▶ **PROVIDED DATA**

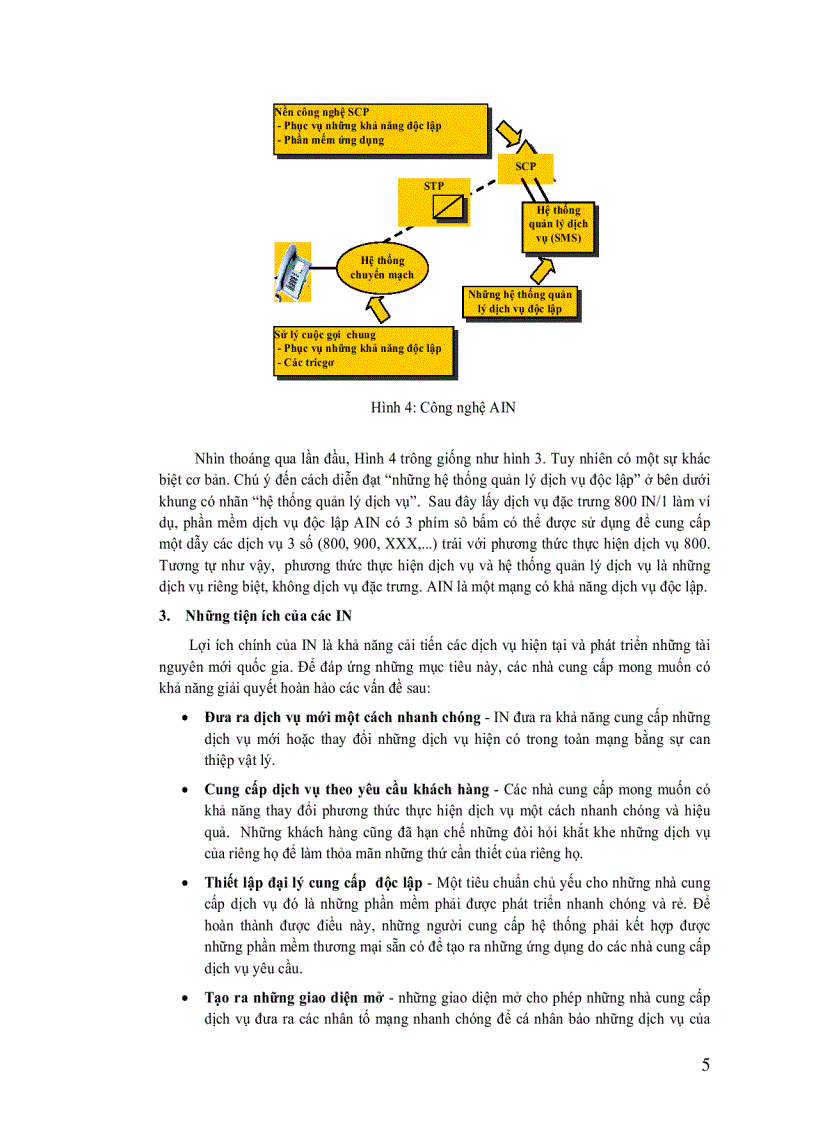 image for page Mạng thông minh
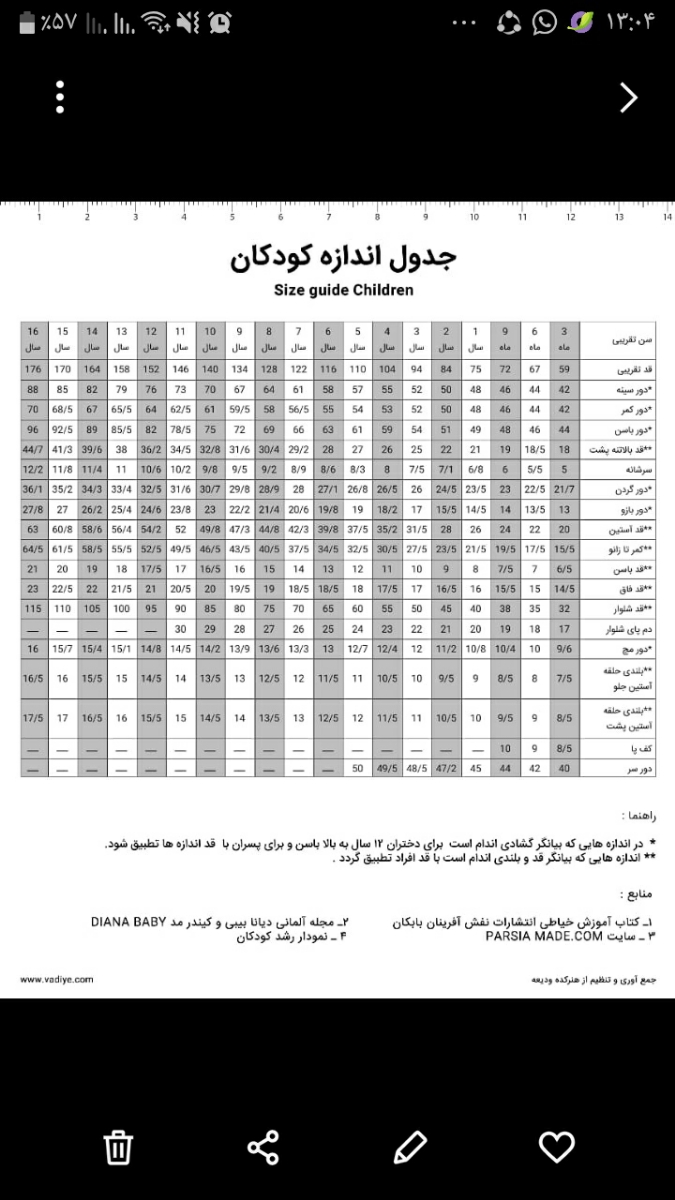 سلام خانومای عزیز، ابعاد بلوز و شلوار سایز سن ۱۲ تا ۱۸ ماه رو اگه میشه بهم بگید؟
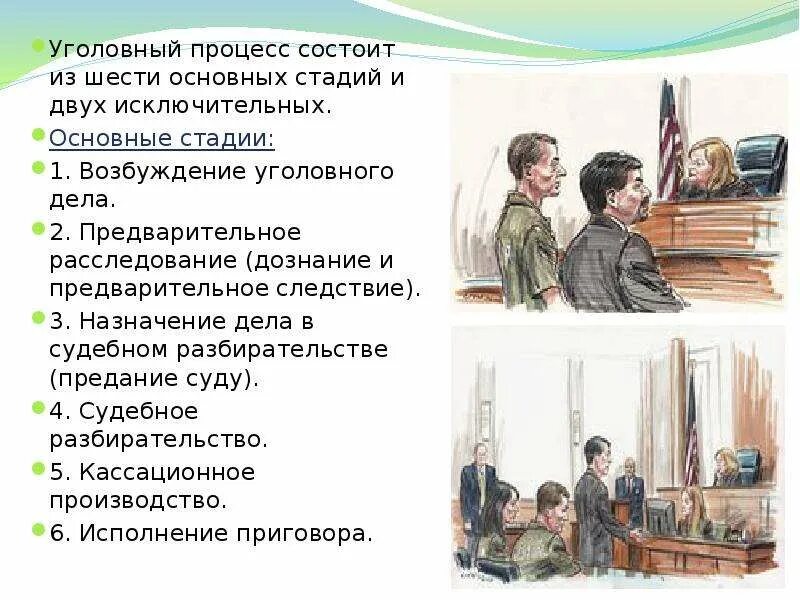 Головко л в уголовный процесс. Уголовный процесс состоит из стадий. уголовное судопроизводство состоит из:. основные стадии развития уголовного дела. система стадий уголовного процесса таблица из 6 этапов.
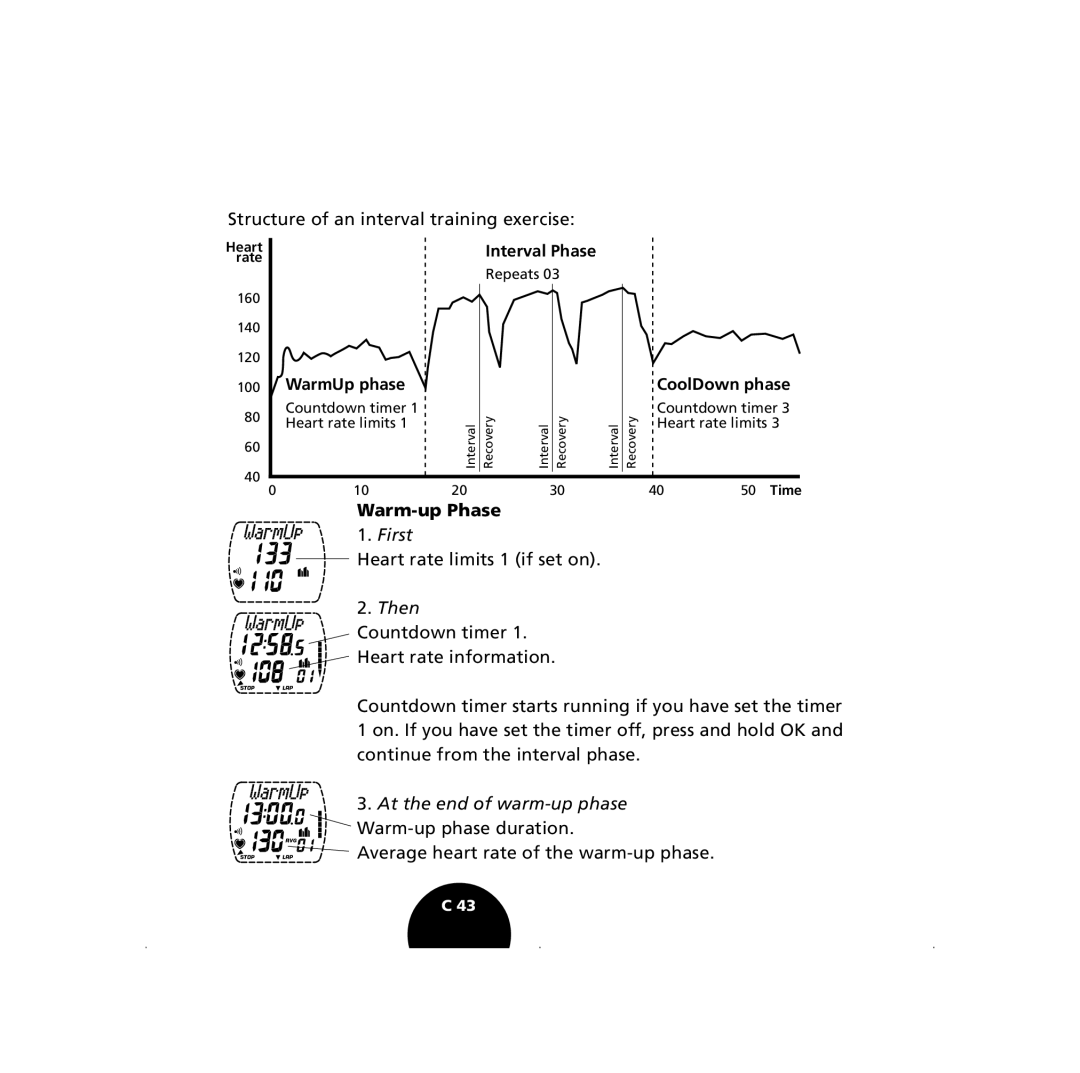 Polar S210, S410 user manual Structure of an interval training exercise, Warm-up Phase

▶ **WHAT NEEDS TO BE DONE**
An exact copy of all the lines above is required, with the pictures removed.

▶ **SOLUTION BELOW**
 image for page Mạng thông minh
 سلام خانومای عزیز، ابعاد بلوز و شلوار سایز سن ۱۲ تا ۱۸ ماه رو اگه میشه بهم بگید؟
 Головко л в уголовный процесс. Уголовный процесс состоит из стадий. уголовное судопроизводство состоит из:. основные стадии развития уголовного дела. система стадий уголовного процесса таблица из 6 этапов.
 Polar S210, S410 user manual Structure of an interval training exercise, Warm-up Phase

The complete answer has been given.